There are changes to the tax and benefits system all the time, often at no - or only a few months - notice. Just in the last few years we've had the 2 child benefit cap introduced, the removal of child benefit for higher earners, the removal of the winter fuel allowance, the changing terms on student loans (& the massive increase in tuition fees), the increase of the school leaving age to 18, council tax surcharges... and on and on. There are losers in all these policies, but they don't get compensation. This is the price of being a society.
There is a safety net for the poor and sick: the means tested benefit system. Yes, it's not a lot, but it is there. The idea that the WASPI women get nothing and those that came just a few years later are much better off is wrong.
And the notion put forward by some on this thread that WASPI women were all trail-blazing feminists who set up the benefits women enjoy today is also wrong. Women born in the 60s, 70s, 80s, 90s..... have all had their battles and setbacks to fight and overcome. We are all building on the advances of previous generations. The WASPI women aren't any different - or anything special.
Finally, there are still benefits that people get from the age of 60 - including the WASPI women: free prescriptions, free eye tests, free public transport (in London), discounted leisure activities (railcard, tickets etc) and so on.
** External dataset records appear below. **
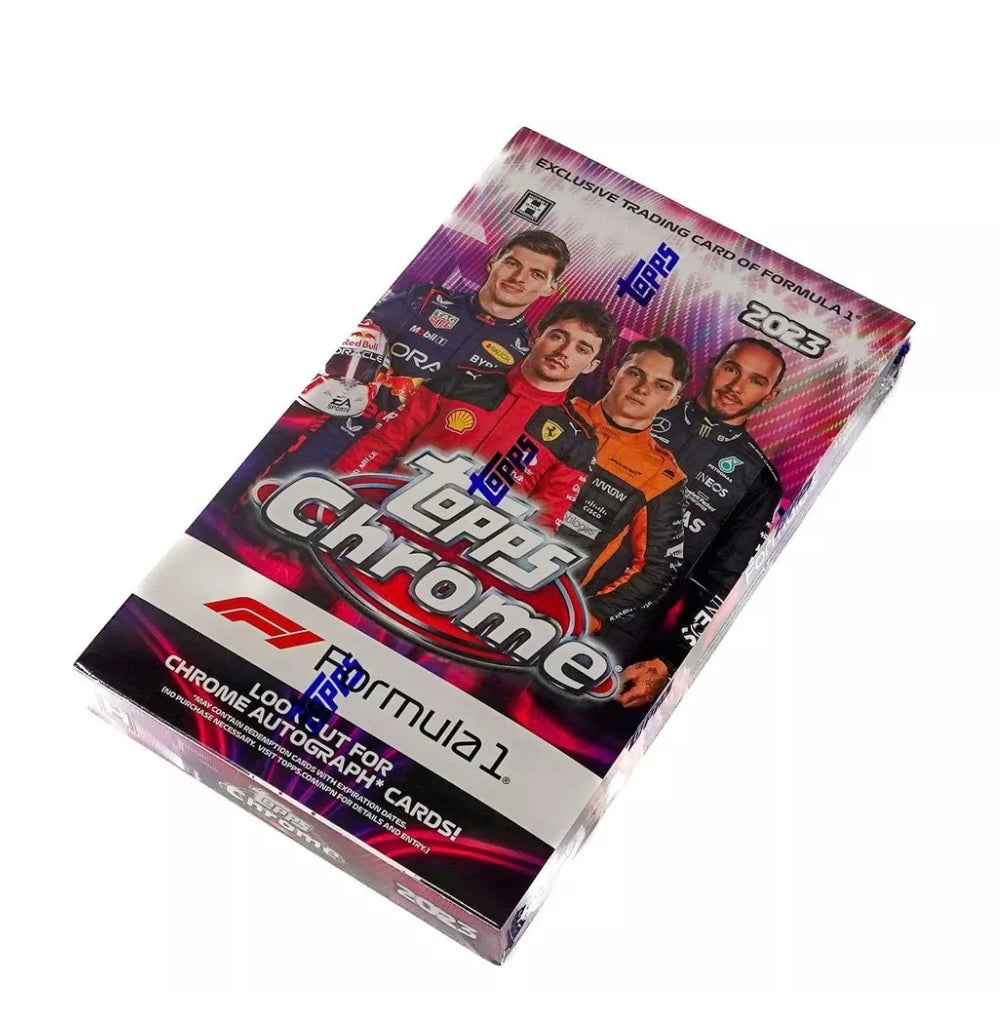 2023 TOPPS CHROME FORMULA 1 ONE F1 RACING HOBBY BOX (NEW SEALED)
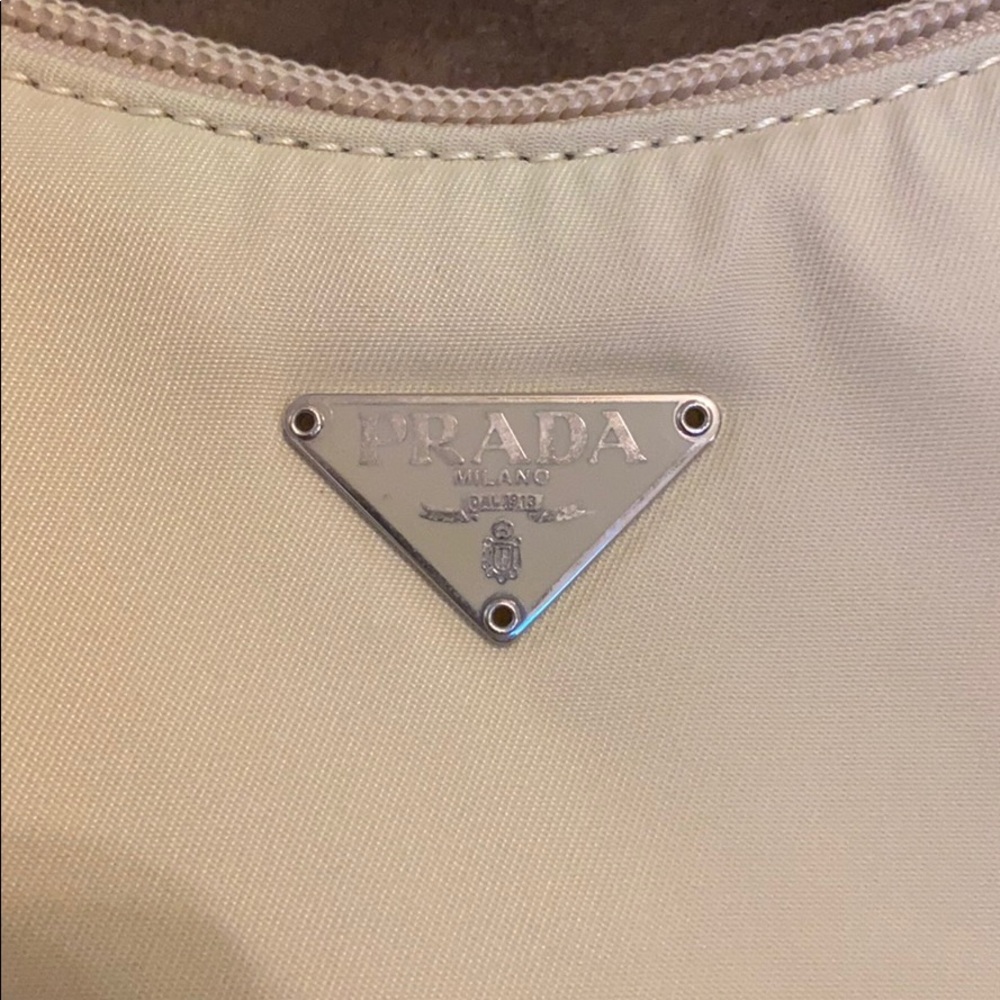 Authentic small nylon Prada bag
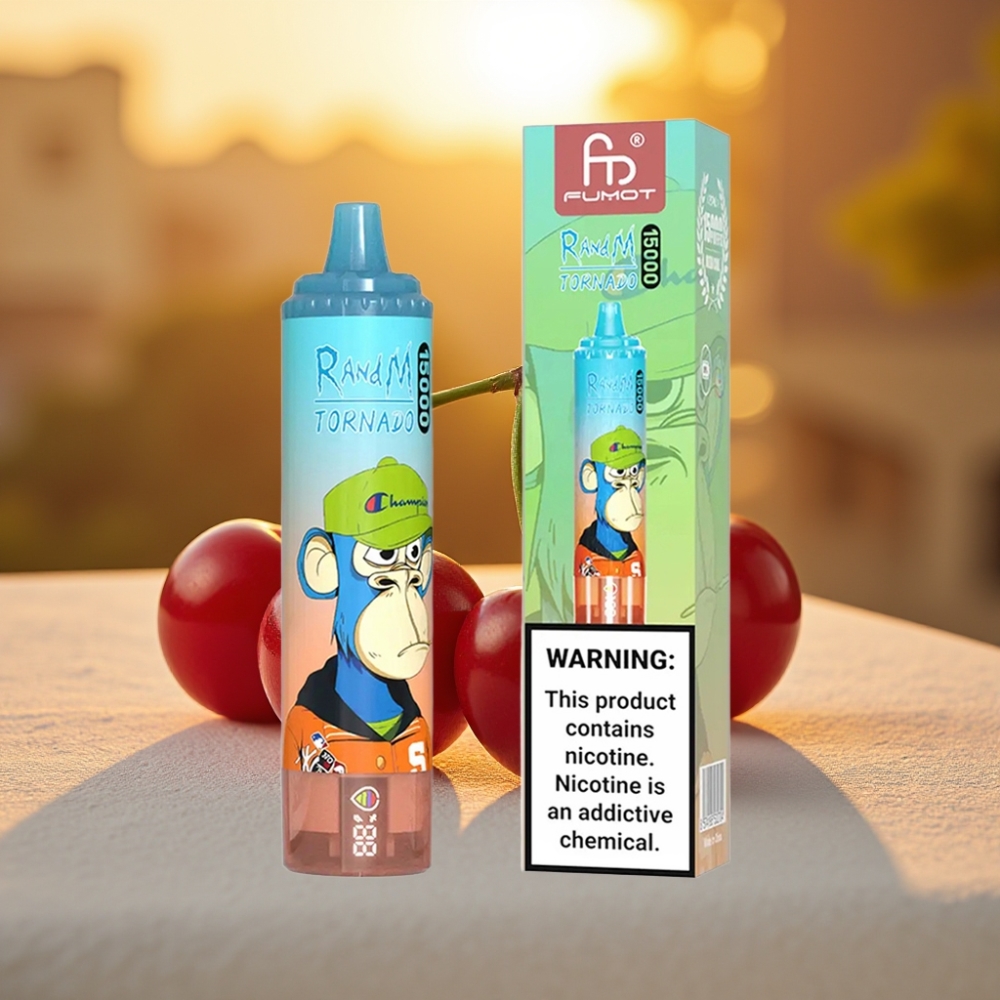Fumot RandM Tornado 15000 Puffs Cerise Cola 25ml 850mAh Mesh 0.9 Ohm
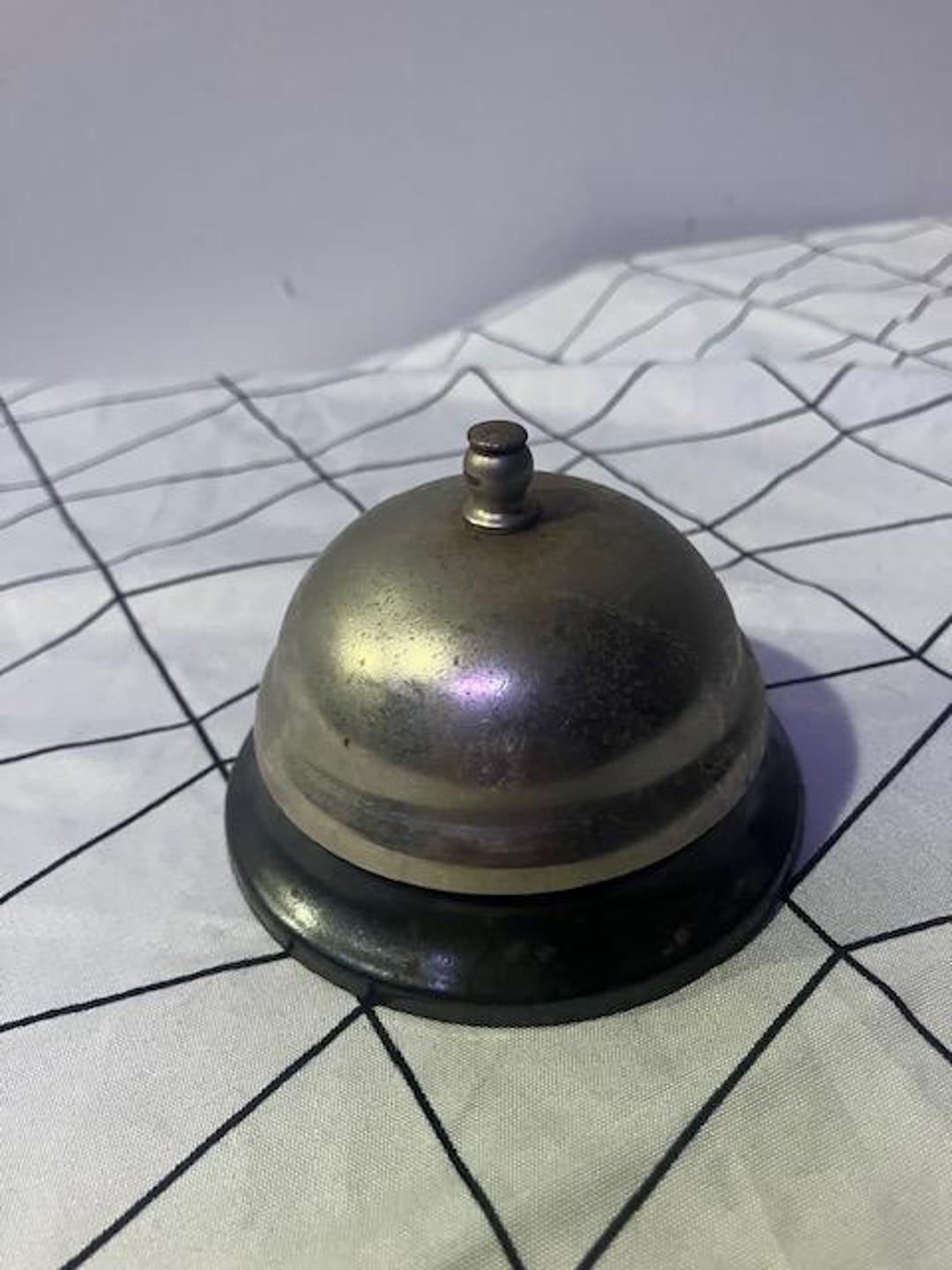 Desk Bell Ringer Vintage Desk Service Bell Utility Push-button Ringer - Etsy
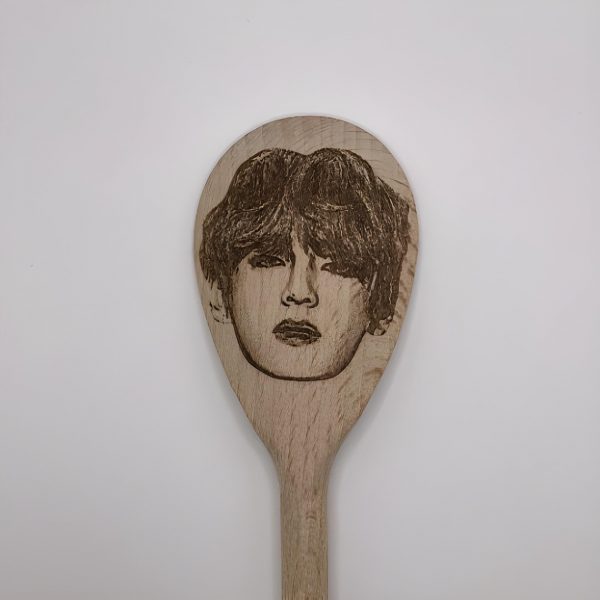 V -  Bangtan Boys gift wooden spoons personalized engraved Jin Suga J-Hope RM Jimin V Jungkook Wooden Spoon Set Gift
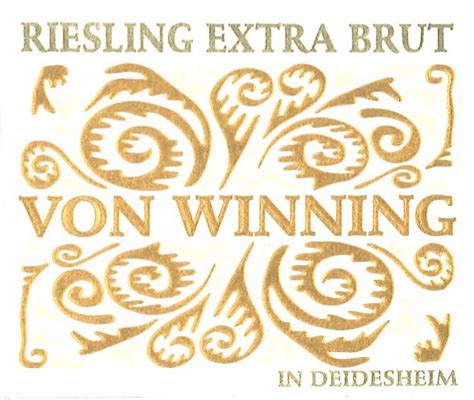 Von Winning Riesling Sekt Extra Brut Ml Hill Side Vineyards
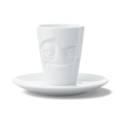 Abbildung 58products Espresso Mug mit Henkel - Verschmitzt - weiß Standardbild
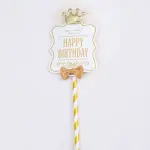 Crown Detail Paper Cake Topper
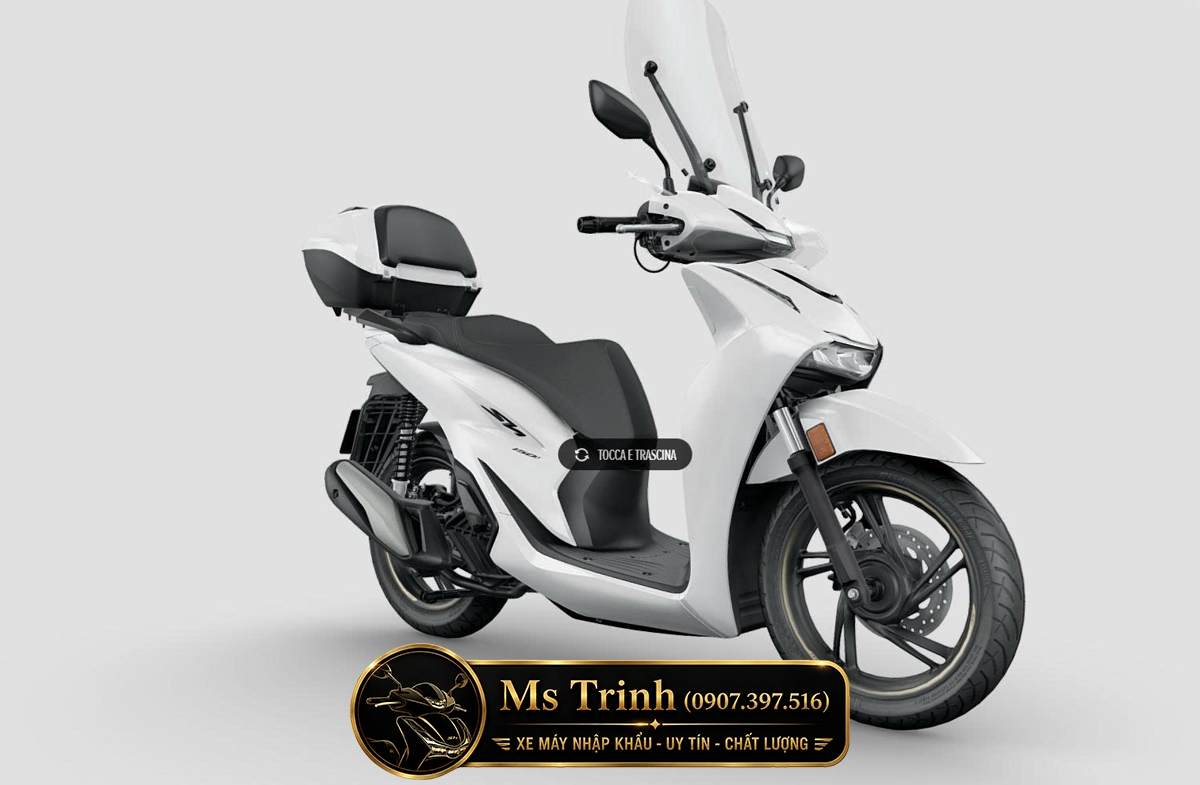 Honda SH150i Ý 2026 Standard tại Cà Mau: Giá 189 triệu, 4 màu nhập Ý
And those WASPI women who retired early and took their occupational pensions (like that ridiculous headteacher who seemed to be the figurehead for the WASPI campaign) benefited from not paying national insurance on their pension income - unlike their peers who were still working.
All the money the WASPI women have spent on this campaign and all their legal costs would have been much better directed into a charity fund to help those in need not covered by, or to top up, the social security system.
I do think they have been led up the garden path by the Labour govt - but so have students who were promised by Keir Starmer in the past that Labour would get rid of tuition fees.